In particular if $$p \ge n = {\rm rank}(A) = {\rm rank}(F)$$ then $$\LR{FA}^+ = A^+F^+ \qiq u_* = A^+\LR{y\oslash f}$$ Since $A^+$ can be computed once outside of the main loop and since the Hadamard division $(\oslash)$ of vectors is extremely fast, this approach is even more efficient than the previously mentioned backslash operator.

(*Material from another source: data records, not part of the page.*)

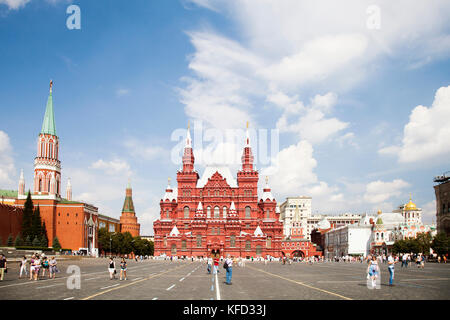 Russland, Moskau. Einen weiten Blick über den Roten Platz, den Kreml und dem Staatlichen Historischen Museum. Stockfoto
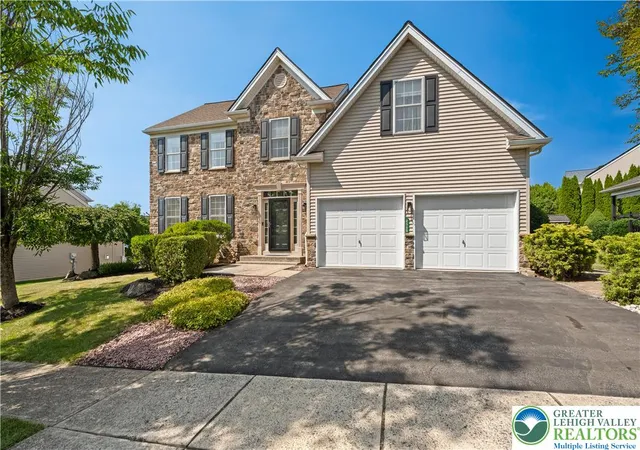 Photo 2 of Single family home for sale at 2305 Aberdeen Way, Macungie, PA 18062 | MLS# 783819 | Listing updated on 2026-09-02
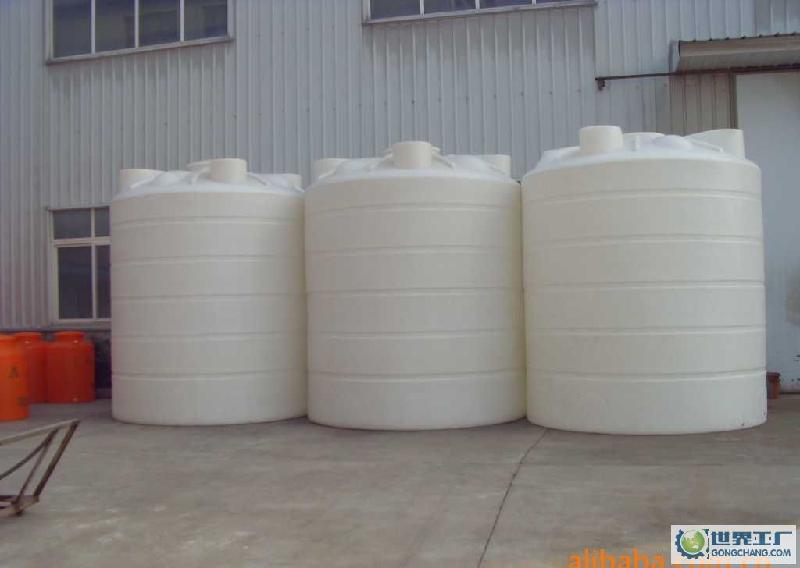 供应5吨塑料桶PE5吨减水剂储罐5吨储罐价格，5吨塑料桶哪里有卖的厂家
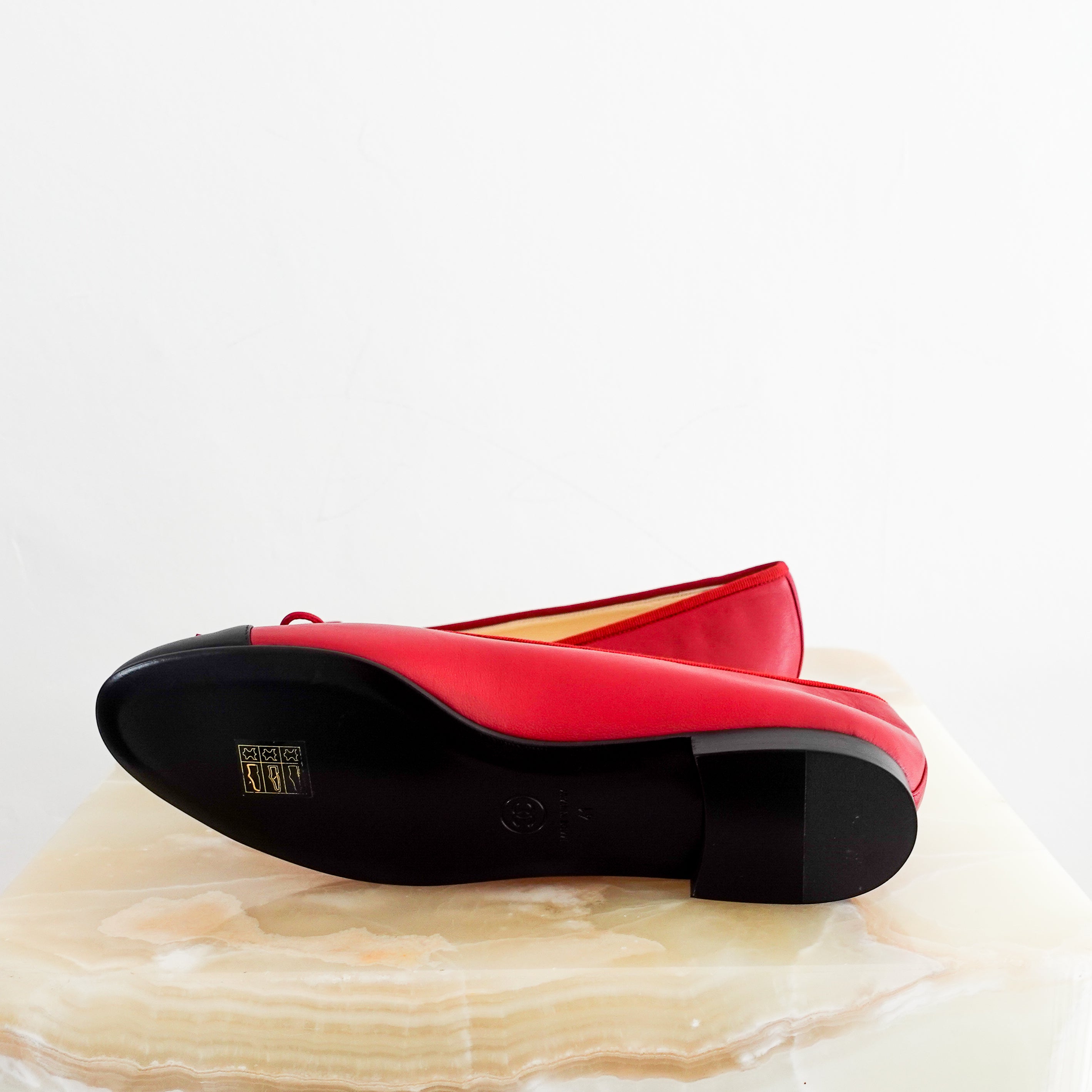 NEW Chanel SOLD OUT Red and Black CC Ballet Flats with Bows RRP £1k | Authentic Preloved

Analogous manipulations of the second gradient yields $\;v_* = \LR{EB}^+y$

The conventional Alternating Least Squares (ALS) iterations are then $$\eqalign{ E &= \Diag{Au} \\ v &= \LR{EB}^+y \\ F &= \Diag{Bv} \\ u &= \LR{FA}^+y \\ }$$ However, simple substitution will eliminate one of the variables and yield a nonlinear equation (NLE) in the remaining variable, e.g. $$\eqalign{ {u} &= \LR{\Diag{B\LR{\Diag{A\c{u}}B}^+y}A}^+y \\ u &= G(\c{u}) \\ F(u) &= {u-G(u)} \;=\; 0 \\ }$$ This NLE can be solved using a quasi-Newton (or conjugate gradient) method, which will have a faster rate of convergence than ALS. The trade-off for this increased speed is the loss of the convergence guarantee of the ALS iteration.

Furthermore, such an approach requires the Jacobian of $F(u)$ which is far too complicated to calculate manually and will require the use of Automatic Differentiation (AD) software.